Death to internal marketing

Employer brand, employee brand engagement, stakeholder communication

The age of generalists … or at least multispecialists

We’re leaving a time period of (over-)specialisation in employee engagement and internal communication.

If you look at articles, thought leaders, conference platforms — its all about the technicians (e.g., social media gurus, intranet gurus, measurement gurus, writing for the web gurus, live event gurus …).  Yet these skills by their very nature are increasingly commodditised. The changing landscape of both media and audiences means that being an expert in just one core area will keep you forever downstream, and down the food chain.

I believe we will enter a period where those with more broad-based and general skills — that is, people in business who understand and are passionate about the power and value of applying engagement techniques in business — will thrive. 

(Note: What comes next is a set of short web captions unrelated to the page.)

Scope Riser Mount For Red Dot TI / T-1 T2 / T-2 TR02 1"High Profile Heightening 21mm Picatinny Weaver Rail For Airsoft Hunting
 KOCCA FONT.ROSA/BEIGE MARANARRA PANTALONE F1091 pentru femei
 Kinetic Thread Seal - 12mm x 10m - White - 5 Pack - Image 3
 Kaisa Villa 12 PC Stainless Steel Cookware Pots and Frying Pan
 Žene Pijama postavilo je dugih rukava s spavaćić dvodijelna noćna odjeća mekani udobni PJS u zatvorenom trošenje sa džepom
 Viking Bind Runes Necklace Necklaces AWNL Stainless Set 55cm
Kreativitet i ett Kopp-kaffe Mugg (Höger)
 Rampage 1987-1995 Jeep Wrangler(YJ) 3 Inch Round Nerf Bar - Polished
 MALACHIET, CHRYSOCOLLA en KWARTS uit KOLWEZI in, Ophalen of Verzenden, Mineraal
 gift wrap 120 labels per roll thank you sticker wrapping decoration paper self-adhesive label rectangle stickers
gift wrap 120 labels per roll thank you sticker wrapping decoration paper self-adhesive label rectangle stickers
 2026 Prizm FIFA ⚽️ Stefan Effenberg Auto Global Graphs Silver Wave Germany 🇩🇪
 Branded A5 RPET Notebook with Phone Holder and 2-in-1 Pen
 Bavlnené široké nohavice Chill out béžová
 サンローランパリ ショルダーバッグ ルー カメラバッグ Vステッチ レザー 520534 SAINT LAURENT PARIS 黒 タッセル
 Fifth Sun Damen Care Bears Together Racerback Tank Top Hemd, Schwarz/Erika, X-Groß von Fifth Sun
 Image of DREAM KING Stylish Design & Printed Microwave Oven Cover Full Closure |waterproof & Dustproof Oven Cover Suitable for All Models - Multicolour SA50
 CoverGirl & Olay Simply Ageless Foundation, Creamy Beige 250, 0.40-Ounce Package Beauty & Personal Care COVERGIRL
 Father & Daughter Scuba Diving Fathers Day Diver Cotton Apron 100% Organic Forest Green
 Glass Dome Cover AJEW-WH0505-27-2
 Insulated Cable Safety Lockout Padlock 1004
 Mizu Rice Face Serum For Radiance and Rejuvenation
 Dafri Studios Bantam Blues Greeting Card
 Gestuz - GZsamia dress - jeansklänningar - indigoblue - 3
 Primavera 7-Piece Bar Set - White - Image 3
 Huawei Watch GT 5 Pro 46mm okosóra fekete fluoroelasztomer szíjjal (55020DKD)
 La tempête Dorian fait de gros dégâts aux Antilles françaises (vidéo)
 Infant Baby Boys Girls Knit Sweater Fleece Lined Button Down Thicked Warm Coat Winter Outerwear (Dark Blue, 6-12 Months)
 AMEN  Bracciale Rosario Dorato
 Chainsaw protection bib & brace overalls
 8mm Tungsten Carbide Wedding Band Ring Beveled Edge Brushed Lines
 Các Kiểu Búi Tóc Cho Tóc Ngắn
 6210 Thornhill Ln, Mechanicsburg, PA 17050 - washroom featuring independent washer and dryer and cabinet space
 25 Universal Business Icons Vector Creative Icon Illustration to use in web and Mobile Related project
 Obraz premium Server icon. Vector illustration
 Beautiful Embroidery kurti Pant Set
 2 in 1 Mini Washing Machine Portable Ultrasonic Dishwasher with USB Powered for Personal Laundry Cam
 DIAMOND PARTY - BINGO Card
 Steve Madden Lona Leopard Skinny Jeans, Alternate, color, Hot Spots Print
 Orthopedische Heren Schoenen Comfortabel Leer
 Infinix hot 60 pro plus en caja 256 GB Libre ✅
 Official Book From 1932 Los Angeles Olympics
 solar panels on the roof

Because with rapid change, media fragmentation and audience overlap, it’s become a much more complex system.  Complex systems thinking is demanded.  And that means that minor changes in one part of the system have effects, often unanticipated, in other parts of the system.  You need to be able to see the whole thing in operation, and have a very good idea about how each of the component elements work.

So, I think we need to broaden our skills set and capabilities, in general.  We need a conference about “Putting it all together” instead of “20 speakers on the topic of the balance between web and word of mouth in experienced hire recruitment.”

Whaddaya think?

Filed under: Uncategorized

Should you even have an Employer Brand?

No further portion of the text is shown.